Neonatal-onset multisystem inflammatory disease responsive to interleukin-1beta inhibition.
Authors:
Goldbach-Mansky, R Dailey, NJ Canna, SW Gelabert, A Jones, J Rubin, BI Kim, HJ Brewer, C Zalewski, C Wiggs, E Hill, S Turner, ML Karp, BI Aksentijevich, I Pucino, F Penzak, SR Haverkamp, MH Stein, L Adams, BS Moore, TL Fuhlbrigge, RC Shaham, B Jarvis, JN O'Neil, K Vehe, RK Beitz, LO Gardner, G Hannan, WP Warren, RW Horn, W Cole, JL Paul, SM Hawkins, PN Pham, TH Snyder, C Wesley, RA Hoffmann, SC Holland, SM Butman, JA Kastner, DL
Citation:
Goldbach-Mansky R, etal., N Engl J Med. 2006 Aug 10;355(6):581-92.
BACKGROUND: Neonatal-onset multisystem inflammatory disease is characterized by fever, urticarial rash, aseptic meningitis, deforming arthropathy, hearing loss, and mental retardation.

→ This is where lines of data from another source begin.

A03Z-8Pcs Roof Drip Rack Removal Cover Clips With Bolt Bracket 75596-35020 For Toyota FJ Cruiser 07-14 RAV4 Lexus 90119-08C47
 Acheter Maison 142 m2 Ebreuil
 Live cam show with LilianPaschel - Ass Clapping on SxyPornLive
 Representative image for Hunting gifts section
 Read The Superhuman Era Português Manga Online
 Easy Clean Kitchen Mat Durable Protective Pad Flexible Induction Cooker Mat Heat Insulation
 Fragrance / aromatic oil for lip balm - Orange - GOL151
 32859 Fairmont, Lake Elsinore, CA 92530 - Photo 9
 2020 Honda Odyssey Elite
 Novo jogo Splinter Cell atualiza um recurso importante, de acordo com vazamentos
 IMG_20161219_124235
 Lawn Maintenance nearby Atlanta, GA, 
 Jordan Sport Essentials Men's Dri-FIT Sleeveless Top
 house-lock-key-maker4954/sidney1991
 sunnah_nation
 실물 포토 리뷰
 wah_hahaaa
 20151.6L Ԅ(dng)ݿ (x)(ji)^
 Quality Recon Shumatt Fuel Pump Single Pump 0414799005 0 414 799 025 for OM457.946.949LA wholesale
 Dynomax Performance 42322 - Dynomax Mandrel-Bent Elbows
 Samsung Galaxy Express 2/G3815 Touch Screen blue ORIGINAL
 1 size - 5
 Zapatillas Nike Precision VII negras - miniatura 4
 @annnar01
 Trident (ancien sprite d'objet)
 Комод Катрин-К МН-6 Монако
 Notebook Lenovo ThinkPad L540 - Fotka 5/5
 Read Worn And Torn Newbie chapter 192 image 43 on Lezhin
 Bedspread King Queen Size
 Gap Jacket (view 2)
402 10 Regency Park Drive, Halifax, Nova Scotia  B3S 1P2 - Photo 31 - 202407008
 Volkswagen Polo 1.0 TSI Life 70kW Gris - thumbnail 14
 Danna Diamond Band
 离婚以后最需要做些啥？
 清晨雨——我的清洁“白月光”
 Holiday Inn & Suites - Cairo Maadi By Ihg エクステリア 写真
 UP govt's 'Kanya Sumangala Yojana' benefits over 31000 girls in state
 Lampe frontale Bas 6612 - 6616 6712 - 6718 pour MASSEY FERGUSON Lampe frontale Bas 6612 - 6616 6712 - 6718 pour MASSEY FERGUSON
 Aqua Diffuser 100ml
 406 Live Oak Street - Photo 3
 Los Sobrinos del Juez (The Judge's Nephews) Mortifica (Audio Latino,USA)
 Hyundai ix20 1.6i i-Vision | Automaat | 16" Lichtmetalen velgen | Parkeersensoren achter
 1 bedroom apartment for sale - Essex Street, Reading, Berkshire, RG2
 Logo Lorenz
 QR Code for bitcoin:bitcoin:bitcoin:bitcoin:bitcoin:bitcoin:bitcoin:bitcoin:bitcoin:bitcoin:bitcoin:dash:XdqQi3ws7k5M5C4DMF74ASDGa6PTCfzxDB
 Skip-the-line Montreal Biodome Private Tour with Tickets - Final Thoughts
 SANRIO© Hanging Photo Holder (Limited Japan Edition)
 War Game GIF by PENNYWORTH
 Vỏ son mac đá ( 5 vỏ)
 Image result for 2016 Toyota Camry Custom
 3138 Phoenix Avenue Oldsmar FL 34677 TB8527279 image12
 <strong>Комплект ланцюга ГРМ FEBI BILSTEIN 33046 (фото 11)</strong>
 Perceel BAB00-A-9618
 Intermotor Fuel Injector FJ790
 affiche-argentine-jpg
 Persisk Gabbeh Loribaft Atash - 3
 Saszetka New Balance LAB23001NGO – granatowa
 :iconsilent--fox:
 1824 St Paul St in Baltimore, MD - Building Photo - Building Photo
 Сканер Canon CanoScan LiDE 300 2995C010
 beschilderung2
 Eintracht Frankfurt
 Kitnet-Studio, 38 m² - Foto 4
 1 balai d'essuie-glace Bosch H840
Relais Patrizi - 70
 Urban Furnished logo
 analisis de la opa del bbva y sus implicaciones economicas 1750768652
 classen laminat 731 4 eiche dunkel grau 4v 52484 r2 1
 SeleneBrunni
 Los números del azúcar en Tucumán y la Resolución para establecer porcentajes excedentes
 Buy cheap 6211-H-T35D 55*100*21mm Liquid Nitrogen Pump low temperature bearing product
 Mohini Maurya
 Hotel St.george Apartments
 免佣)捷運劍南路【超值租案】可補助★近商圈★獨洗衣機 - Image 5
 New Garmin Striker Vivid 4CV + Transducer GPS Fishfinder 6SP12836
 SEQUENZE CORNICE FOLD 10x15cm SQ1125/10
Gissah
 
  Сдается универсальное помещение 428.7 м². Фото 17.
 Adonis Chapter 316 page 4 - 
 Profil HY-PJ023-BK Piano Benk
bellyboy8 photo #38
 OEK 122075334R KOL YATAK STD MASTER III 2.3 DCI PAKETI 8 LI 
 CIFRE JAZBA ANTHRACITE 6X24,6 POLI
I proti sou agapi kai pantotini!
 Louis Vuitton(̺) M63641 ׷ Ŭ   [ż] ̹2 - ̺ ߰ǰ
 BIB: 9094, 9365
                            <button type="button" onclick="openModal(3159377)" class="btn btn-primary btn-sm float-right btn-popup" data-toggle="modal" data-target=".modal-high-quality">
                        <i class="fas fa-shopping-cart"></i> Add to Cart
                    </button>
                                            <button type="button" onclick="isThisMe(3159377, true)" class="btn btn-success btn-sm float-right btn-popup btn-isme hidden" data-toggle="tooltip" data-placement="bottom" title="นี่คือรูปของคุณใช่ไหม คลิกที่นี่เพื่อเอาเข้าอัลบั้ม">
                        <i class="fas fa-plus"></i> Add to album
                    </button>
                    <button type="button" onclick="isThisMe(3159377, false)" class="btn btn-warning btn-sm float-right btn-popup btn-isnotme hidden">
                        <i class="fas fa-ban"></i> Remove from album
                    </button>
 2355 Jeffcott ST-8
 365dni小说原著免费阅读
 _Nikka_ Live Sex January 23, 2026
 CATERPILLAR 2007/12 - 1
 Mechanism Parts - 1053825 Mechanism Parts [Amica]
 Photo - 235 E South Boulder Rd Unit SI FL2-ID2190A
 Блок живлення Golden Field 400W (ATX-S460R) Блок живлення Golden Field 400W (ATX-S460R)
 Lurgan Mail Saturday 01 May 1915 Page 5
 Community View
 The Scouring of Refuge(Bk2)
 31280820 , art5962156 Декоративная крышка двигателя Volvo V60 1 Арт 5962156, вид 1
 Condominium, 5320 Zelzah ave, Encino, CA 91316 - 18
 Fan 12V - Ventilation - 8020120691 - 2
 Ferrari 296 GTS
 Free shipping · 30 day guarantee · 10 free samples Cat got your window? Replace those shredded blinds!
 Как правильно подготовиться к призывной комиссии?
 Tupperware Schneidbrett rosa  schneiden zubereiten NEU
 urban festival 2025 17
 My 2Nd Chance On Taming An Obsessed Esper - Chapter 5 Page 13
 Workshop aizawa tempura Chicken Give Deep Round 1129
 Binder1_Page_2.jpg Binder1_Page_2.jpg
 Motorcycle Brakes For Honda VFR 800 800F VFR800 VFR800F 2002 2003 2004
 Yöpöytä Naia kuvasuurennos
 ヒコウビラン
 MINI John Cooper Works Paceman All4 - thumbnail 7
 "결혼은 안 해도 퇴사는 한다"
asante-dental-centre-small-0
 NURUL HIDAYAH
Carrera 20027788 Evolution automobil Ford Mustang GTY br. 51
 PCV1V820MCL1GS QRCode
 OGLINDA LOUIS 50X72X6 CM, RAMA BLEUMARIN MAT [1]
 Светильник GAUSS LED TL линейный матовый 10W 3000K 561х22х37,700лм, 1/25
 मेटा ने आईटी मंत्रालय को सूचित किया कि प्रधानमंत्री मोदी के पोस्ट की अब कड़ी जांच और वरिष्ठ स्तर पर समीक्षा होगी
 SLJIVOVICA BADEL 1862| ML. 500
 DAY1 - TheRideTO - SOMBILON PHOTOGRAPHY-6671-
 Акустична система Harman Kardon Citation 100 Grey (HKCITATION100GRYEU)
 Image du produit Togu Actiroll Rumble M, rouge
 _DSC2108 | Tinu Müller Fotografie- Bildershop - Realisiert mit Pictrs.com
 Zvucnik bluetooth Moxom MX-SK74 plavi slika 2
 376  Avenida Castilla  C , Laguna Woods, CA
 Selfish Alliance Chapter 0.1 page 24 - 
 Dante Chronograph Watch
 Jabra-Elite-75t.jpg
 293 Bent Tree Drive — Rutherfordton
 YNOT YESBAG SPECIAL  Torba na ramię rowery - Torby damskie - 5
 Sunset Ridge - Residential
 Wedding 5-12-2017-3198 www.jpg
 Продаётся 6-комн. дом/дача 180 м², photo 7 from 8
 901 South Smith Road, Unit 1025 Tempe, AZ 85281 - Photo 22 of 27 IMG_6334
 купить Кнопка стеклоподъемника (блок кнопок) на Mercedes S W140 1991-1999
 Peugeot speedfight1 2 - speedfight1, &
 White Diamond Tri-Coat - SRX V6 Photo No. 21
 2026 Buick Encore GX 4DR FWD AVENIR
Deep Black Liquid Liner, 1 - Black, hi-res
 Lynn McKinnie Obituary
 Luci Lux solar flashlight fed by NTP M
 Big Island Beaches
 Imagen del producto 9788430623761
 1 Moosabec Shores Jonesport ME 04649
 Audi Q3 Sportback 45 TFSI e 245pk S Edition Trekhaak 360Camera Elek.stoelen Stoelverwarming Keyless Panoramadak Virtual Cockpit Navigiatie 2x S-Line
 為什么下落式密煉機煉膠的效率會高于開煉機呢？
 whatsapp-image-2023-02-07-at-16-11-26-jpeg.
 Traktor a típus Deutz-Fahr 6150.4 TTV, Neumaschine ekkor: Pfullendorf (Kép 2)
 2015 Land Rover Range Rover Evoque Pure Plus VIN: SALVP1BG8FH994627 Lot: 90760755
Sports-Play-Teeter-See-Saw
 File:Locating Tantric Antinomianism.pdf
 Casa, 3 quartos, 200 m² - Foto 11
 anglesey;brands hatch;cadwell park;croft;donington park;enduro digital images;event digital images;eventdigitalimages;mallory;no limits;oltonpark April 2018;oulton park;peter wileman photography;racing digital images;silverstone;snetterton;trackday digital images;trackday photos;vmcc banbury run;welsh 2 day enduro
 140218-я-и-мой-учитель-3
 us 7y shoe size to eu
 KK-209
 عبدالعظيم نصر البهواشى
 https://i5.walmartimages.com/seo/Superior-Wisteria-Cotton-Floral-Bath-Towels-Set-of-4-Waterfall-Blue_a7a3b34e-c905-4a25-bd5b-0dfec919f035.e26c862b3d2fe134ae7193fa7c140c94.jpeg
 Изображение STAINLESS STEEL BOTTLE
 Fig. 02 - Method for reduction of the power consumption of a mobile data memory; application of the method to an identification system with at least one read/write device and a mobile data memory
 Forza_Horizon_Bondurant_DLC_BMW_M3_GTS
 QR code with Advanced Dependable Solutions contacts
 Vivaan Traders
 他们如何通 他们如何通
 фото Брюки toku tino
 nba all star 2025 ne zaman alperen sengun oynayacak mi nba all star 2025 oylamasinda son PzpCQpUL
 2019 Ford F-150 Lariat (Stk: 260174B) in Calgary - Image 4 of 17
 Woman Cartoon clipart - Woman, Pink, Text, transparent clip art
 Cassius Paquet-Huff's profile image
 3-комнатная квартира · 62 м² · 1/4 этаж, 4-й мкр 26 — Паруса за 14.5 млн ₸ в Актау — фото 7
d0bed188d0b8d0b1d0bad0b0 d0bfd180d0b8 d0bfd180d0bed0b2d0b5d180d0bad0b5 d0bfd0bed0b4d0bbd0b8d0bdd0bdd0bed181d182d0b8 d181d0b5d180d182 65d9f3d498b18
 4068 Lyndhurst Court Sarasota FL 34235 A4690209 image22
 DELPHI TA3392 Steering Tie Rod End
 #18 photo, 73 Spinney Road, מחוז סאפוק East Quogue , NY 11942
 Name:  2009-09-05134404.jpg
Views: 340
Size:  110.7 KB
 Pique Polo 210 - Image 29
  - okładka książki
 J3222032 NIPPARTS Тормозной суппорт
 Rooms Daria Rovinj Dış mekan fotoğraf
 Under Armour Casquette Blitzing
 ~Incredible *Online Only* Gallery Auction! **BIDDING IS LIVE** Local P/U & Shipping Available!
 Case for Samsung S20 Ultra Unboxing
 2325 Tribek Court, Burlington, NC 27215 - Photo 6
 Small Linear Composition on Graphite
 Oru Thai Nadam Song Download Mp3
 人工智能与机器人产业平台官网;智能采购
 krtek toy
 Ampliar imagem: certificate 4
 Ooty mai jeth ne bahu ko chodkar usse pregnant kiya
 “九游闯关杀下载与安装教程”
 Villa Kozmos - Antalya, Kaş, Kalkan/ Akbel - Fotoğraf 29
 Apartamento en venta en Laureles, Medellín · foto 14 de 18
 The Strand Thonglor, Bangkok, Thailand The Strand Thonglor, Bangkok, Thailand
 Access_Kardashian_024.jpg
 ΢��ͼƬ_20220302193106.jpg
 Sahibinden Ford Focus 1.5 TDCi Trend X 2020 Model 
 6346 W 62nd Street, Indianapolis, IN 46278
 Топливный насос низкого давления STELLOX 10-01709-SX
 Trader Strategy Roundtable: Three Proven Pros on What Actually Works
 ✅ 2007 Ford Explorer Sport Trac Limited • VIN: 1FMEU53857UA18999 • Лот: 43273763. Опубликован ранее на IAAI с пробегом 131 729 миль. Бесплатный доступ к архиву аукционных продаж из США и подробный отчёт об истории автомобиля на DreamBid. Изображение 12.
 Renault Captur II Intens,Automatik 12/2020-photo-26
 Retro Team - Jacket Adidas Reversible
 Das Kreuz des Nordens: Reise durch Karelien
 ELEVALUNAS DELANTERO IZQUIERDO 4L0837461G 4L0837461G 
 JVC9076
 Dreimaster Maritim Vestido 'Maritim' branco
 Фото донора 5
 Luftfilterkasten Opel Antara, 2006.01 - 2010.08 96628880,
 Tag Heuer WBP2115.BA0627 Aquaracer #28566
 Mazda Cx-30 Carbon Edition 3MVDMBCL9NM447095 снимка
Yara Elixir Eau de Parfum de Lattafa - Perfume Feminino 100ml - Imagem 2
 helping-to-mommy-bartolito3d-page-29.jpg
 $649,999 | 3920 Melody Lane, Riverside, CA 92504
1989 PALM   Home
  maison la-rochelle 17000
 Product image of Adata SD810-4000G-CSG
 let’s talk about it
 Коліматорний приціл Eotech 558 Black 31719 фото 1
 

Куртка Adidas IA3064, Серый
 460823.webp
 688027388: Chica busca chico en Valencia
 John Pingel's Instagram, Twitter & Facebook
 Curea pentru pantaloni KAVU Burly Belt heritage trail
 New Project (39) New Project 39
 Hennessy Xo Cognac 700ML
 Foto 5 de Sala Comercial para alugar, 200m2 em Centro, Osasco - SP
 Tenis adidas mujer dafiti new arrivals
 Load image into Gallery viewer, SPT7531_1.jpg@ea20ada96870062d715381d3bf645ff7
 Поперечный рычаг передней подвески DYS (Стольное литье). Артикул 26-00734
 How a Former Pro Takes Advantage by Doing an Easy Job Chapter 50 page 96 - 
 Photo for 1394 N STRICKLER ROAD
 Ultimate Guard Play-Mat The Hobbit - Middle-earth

Many patients have mutations in the cold-induced autoinflammatory syndrome 1 (CIAS1) gene, encoding cryopyrin, a protein that regulates inflammation. METHODS: We selected 18 patients with neonatal-onset multisystem inflammatory disease (12 with identifiable CIAS1 mutations) to receive anakinra, an interleukin-1-receptor antagonist (1 to 2 mg per kilogram of body weight per day subcutaneously). In 11 patients, anakinra was withdrawn at three months until a flare occurred. The primary end points included changes in scores in a daily diary of symptoms, serum levels of amyloid A and C-reactive protein, and the erythrocyte sedimentation rate from baseline to month 3 and from month 3 until a disease flare. RESULTS: All 18 patients had a rapid response to anakinra, with disappearance of rash. Diary scores improved (P<0.001) and serum amyloid A (from a median of 174 mg to 8 mg per liter), C-reactive protein (from a median of 5.29 mg to 0.34 mg per deciliter), and the erythrocyte sedimentation rate decreased at month 3 (all P<0.001), and remained low at month 6. Magnetic resonance imaging showed improvement in cochlear and leptomeningeal lesions as compared with baseline. Withdrawal of anakinra uniformly resulted in relapse within days; retreatment led to rapid improvement. There were no drug-related serious adverse events. CONCLUSIONS: Daily injections of anakinra markedly improved clinical and laboratory manifestations in patients with neonatal-onset multisystem inflammatory disease, with or without CIAS1 mutations. (ClinicalTrials.gov number, NCT00069329 [ClinicalTrials.gov].).